### Imports

In [157]:
import pickle
import torch
import torch.nn as nn
import csv
import pandas as pd

%run preprocessing.ipynb

### Constants

In [158]:
EMBEDDING_DIM = 300
HIDDEN_SIZE = 512
NUM_LAYERS = 3
NUM_EPOCHS = 30
LEARNING_RATE = 0.001
BATCH_SIZE = 200

VOCAB_SIZE = len(basic_arabic_letters) + 1
LABELS_SIZE = len(DIACRITICS)

RNN_PATH = "./models/rnn.pth"
CNN_PATH = "./models/cnn.pth"

TEST_PATH = "../dataset/test.txt"
TEST2_PATH = "../dataset/test2.txt"
TEST3_PATH = "../dataset/test3.txt"
TEST4_PATH = "../dataset/test4.txt"
VAL_PATH = "../dataset/val.txt"

with open("./utils/diacritic2id.pickle", 'rb') as file:
    diacritic2id = pickle.load(file)

### 3-Layer-LSTM

In [159]:
class RNN(nn.Module):
    def __init__(
        self,
        vocab_size=VOCAB_SIZE,
        n_classes=LABELS_SIZE,
        embedding_dim=EMBEDDING_DIM,
        hidden_size=HIDDEN_SIZE,
        num_layers=NUM_LAYERS,
    ):
        """
        The constructor of our RNN model
        Inputs:
        - vacab_size: the number of unique characters
        - embedding_dim: the embedding dimension
        - n_classes: the number of final classes (diacritics)
        """
        super(RNN, self).__init__()

        # (1) Create an embedding layer
        self.embedding = nn.Embedding(vocab_size, embedding_dim)

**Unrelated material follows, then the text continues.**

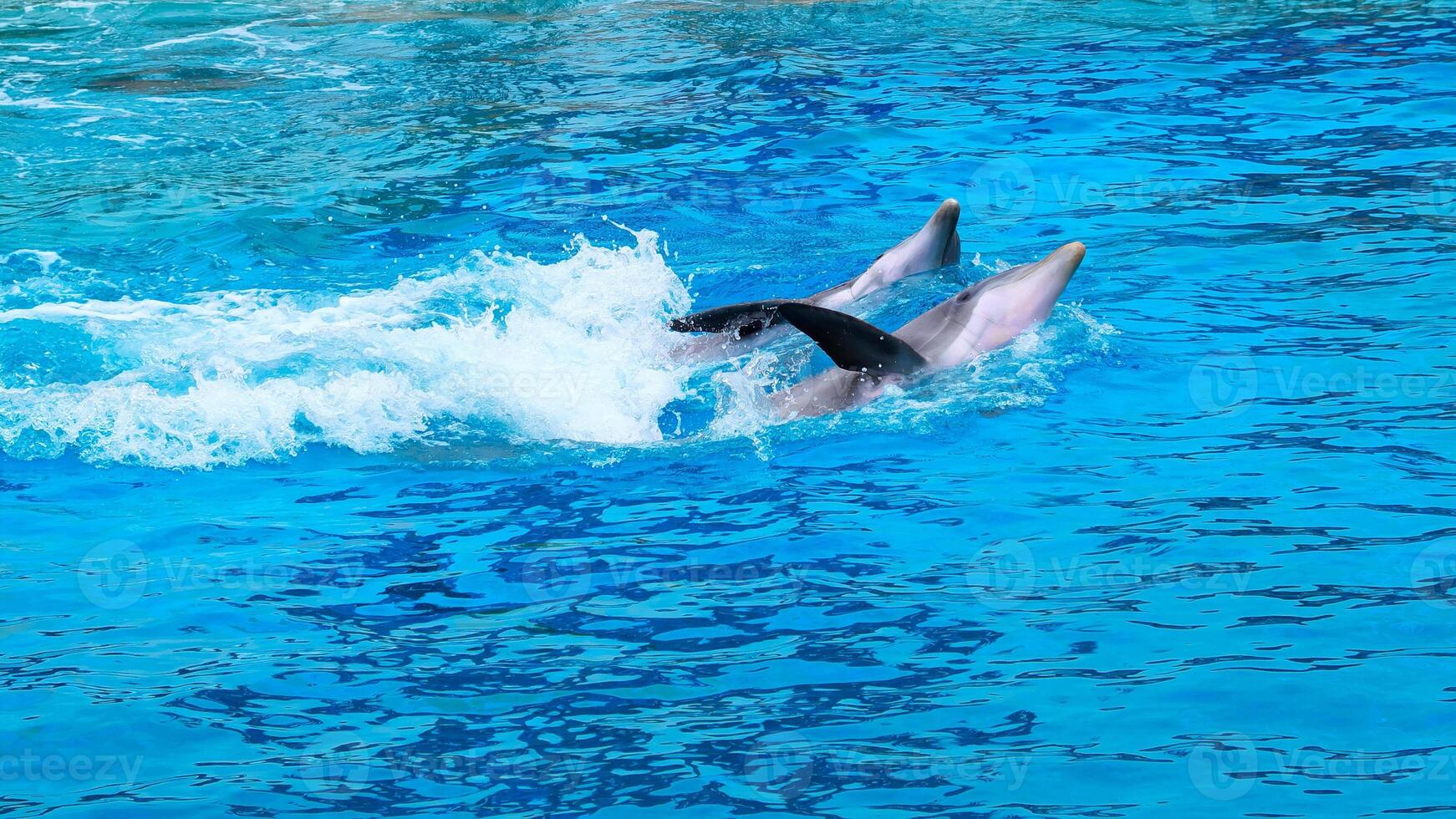 ung nyfiken flasknos delfin ler, lekfull allmänning tursiops truncatus närbild simning under vattnet. Hoppar ut av vatten foto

        # (2) Create an LSTM layer with hidden size = hidden_size and batch_first = True
        self.lstm = nn.LSTM(
            embedding_dim,
            hidden_size,
            num_layers=num_layers,
            batch_first=True,
            bidirectional=True,
        )

        # (3) Create a linear layer with number of neorons = n_classes
        self.linear = nn.Linear(hidden_size * 2, n_classes)

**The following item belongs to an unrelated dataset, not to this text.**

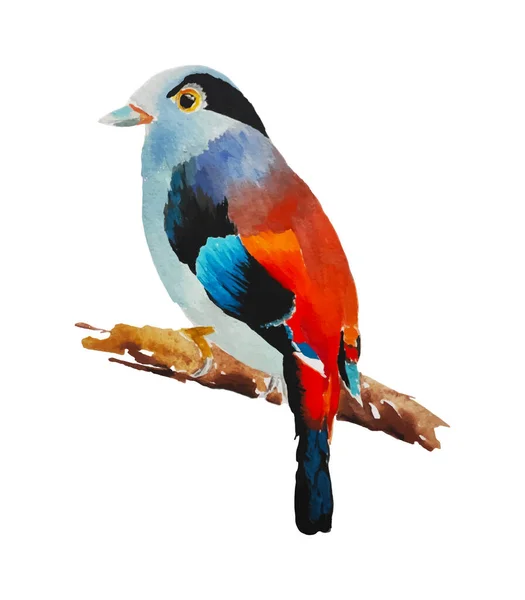 Pittura Acquerello Colorato Uccello Isolato Illustrazione Vettoriale Bianco — Vettoriale Stock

    def forward(self, sentences):
        """
        This function does the forward pass of our model
        Inputs:
        - sentences: tensor of shape (batch_size, max_length)

        Returns:
        - final_output: tensor of shape (batch_size, max_length, n_classes)
        """

        embeddings = self.embedding(sentences)
        lstm_out, _ = self.lstm(embeddings)
        output = self.linear(lstm_out)

        return output

### Conv Layer + 2-Layer LSTM

In [127]:
class CNN(nn.Module):
    def __init__(self, vocab_size=VOCAB_SIZE, num_classes=LABELS_SIZE, embedding_dim=EMBEDDING_DIM, hidden_size=HIDDEN_SIZE, num_layers=NUM_LAYERS):
        super(CNN, self).__init__()
        
        # Embedding Layer
        self.embedding = nn.Embedding(vocab_size, embedding_dim)
        
        # Convolutional Layer
        self.conv1d_1 = nn.Conv1d(embedding_dim, 256, kernel_size=3, padding=1)
        
        # LSTM Layer
        self.lstm = nn.LSTM(256, hidden_size, num_layers=num_layers, batch_first=True, bidirectional=True)
        
        # Linear Layer
        self.linear = nn.Linear(2 * hidden_size, num_classes)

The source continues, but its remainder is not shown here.